Max cosa rappresenta per te l’astronave che dà il titolo al tuo nuovo album?

L’astronave può avere una doppia interpretazione: da un lato è l’astronave madre che racconta quel luogo non luogo simbolo del nostro tempo, ovvero il centro commerciale. Astronave Madre”, ad esempio, è un pezzo psichedelico in cui parlo di questo luogo in cui vado spesso, un teatro in cui sono rappresentate le vicende umane di persone che diventano quasi degli automi. Da qui l’idea di intitolare l’album Astronave Max: il tema centrale è l’allontanarsi dalla Terra e vedere le cose in prospettiva.
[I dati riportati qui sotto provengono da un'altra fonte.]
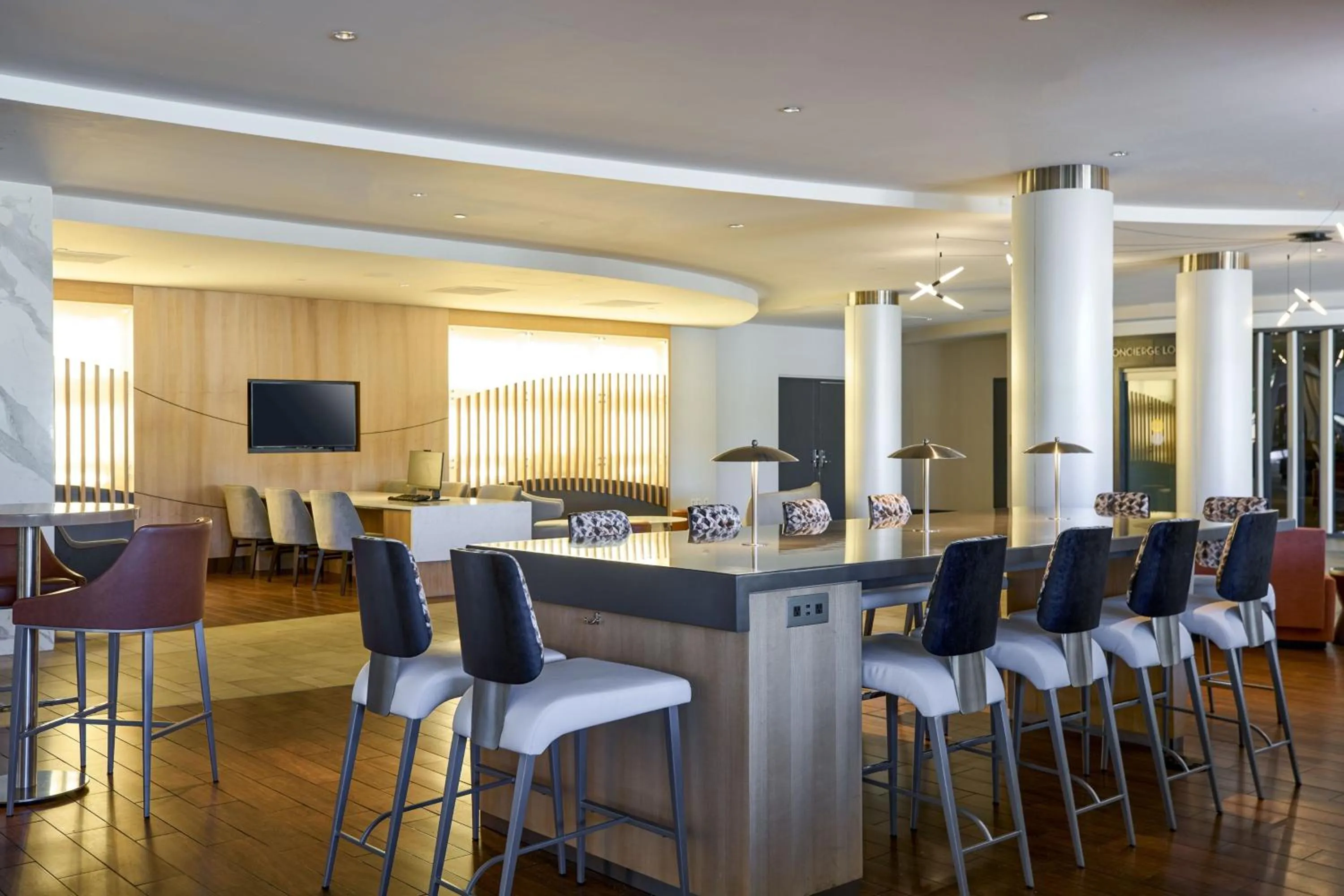 Lounge or bar in Washington Dulles Airport Marriott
A 47 anni vedo ancora in un modo abbastanza simile a prima, ma l’età ti porta ad avere una diversa prospettiva, ciò che vedi è messo in un contesto più largo, da cui riesci a comprenderne la relatività. La vita è un gioco di prospettive e di allontanamenti, di rimettere tutto al proprio posto e l’età di dà un maggiore distacco, ma sempre con l’idea che le cose finiranno sempre bene. Tutto sommato la contemporaneità, con tutti i suoi difetti e limiti, rappresenta il punto più avanzato che l’umanità, fino a questo momento, ha raggiunto.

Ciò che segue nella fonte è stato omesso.